■ Task instructions: In the records below, the relevant part opens with the line containing "Stressed Michelle Khare GIF" and closes with the line containing "Front cover_Enterprise Interoperability Iii"; print that part exactly and only, without its pictures.

■ Record set:
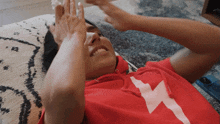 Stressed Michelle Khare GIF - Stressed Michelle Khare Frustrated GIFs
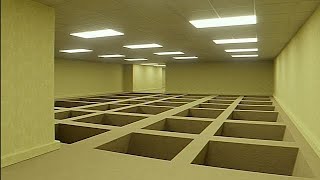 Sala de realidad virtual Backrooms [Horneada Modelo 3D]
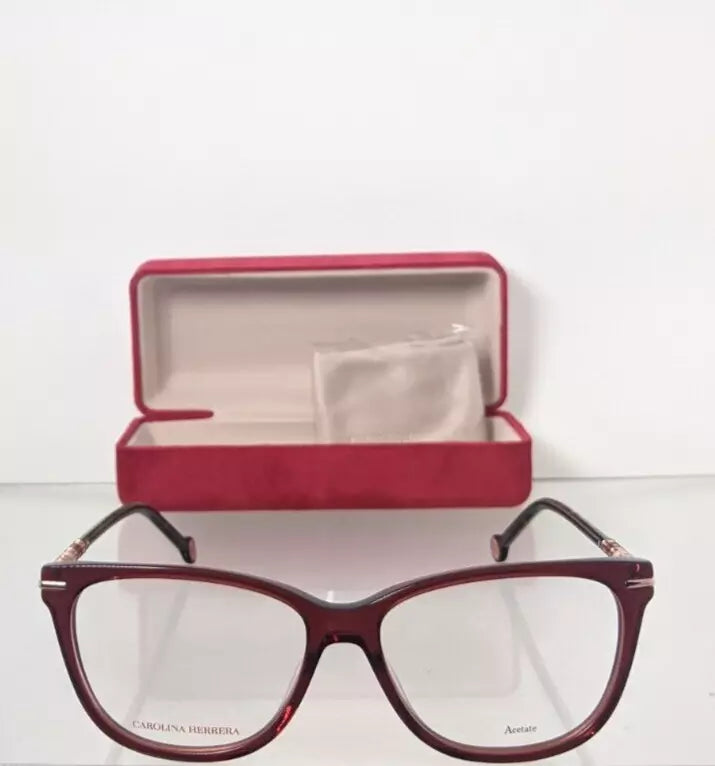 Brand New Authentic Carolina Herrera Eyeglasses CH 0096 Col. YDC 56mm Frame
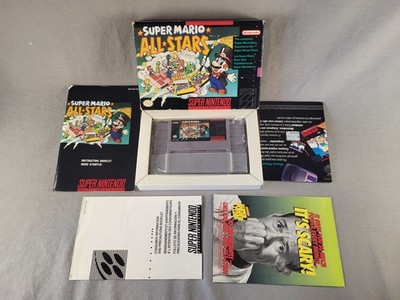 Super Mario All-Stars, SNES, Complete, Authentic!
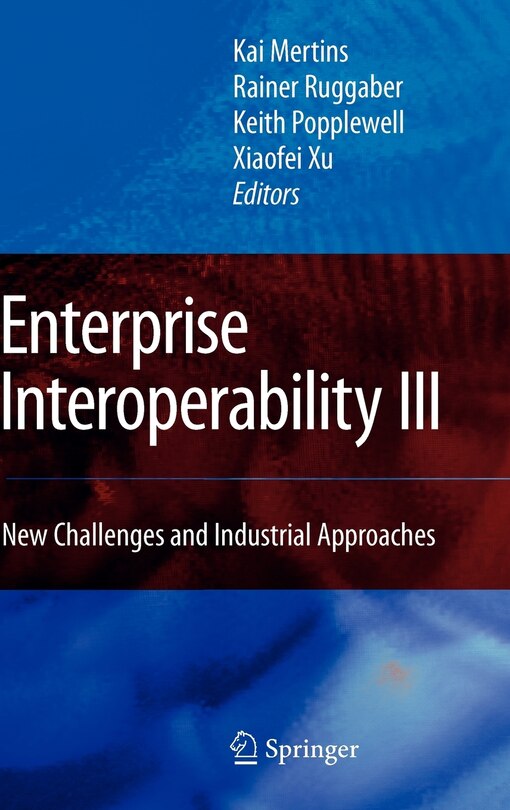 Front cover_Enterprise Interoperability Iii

--

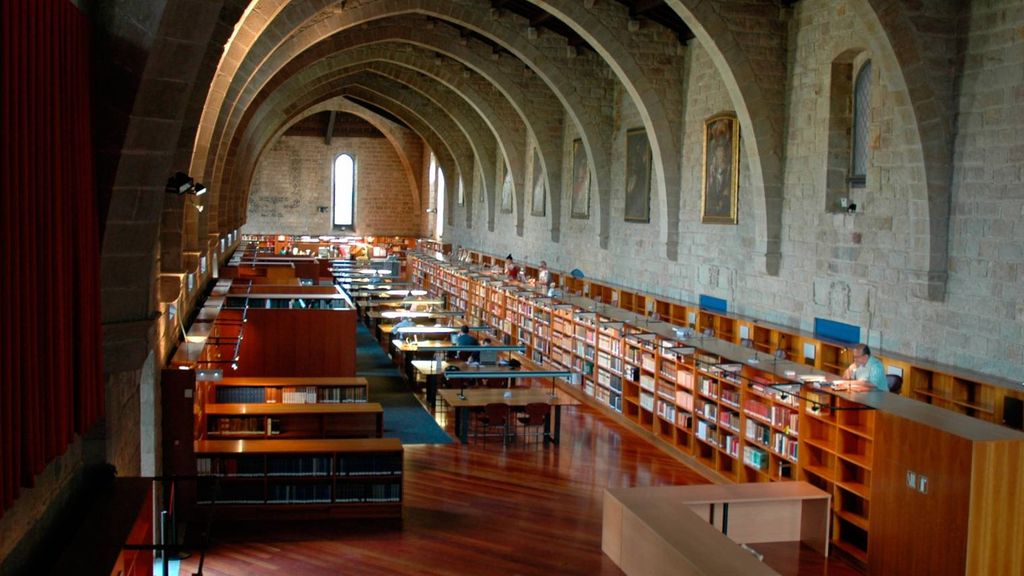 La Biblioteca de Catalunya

---

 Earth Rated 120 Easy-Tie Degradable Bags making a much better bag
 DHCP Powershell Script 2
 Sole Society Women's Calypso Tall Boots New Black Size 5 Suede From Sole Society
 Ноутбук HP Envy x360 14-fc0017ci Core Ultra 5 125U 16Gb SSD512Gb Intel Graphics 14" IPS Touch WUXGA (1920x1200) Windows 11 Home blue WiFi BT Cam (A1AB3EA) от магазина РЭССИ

■ Exercise output:
 Stressed Michelle Khare GIF - Stressed Michelle Khare Frustrated GIFs
 Sala de realidad virtual Backrooms [Horneada Modelo 3D]
 Brand New Authentic Carolina Herrera Eyeglasses CH 0096 Col. YDC 56mm Frame
 Super Mario All-Stars, SNES, Complete, Authentic!
 Front cover_Enterprise Interoperability Iii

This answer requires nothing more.